Elgar inspiring landscape: Malvern Hills in the snow

Intrepid explorer and broadcaster Ben Fogle embarked on a classical music journey around the UK for Classic FM's show Notes From Hidden Britain. You can re-live Ben's musical road trip by listening to the Notes From Hidden Britain podcast and viewing a selection of our favourite galleries below. 

What was it about the island of Staffa that so inspired Mendelssohn to compose his Hebrides Overture?  Why were Worcestershire’s beautiful Malvern Hills so important in influencing the great English composer Edward Elgar?  And which Brit was inspired to compose a piece about the Cornish town of Tintagel after spending a rather steamy weekend away there with his mistress?  These were just some of the questions asked by Ben Fogle during his Classic FM show Notes From Hidden Britain. 

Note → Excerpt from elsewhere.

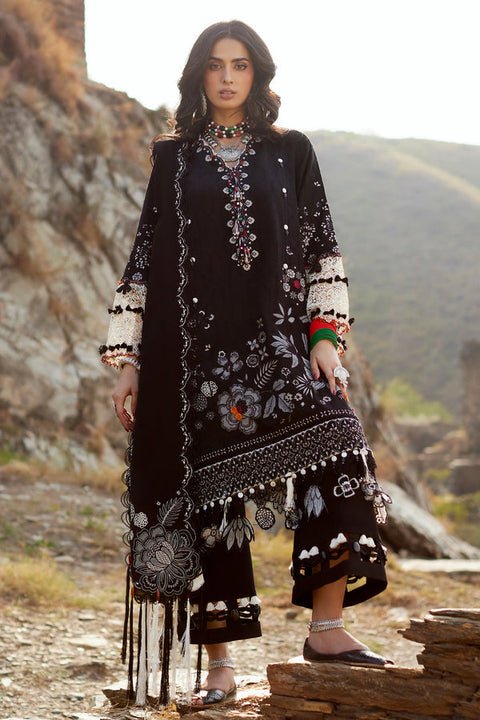 Dhanak Embroidered 3 Piece Suit.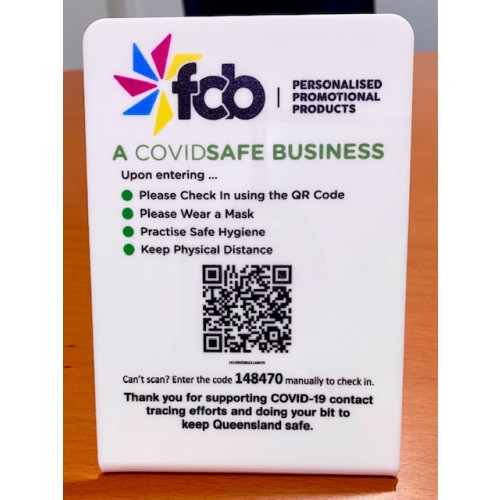 Counter Sign - QR Check In from $15 each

Notes From Hidden Britain launched at the beginning of May this year.  Running for 18 weeks, the series encompassed all sorts of intriguing journeys: from Llangollen in North Wales, bumping into William Walton and Peter Maxwell Davies in Manchester; and visiting a concert hall in Liverpool that was as popular with Charles Dickens as it was with classical musicians.

The British Isles have been responsible for all sorts of home-grown music-making, but composers from further afield have also been inspired by these shores.  Ben uncovered the reason why Haydn’s set of London symphonies is so named; he points out the link between Sibelius and the north-west of England; and he revealed why Max Bruch fell in love with Scotland.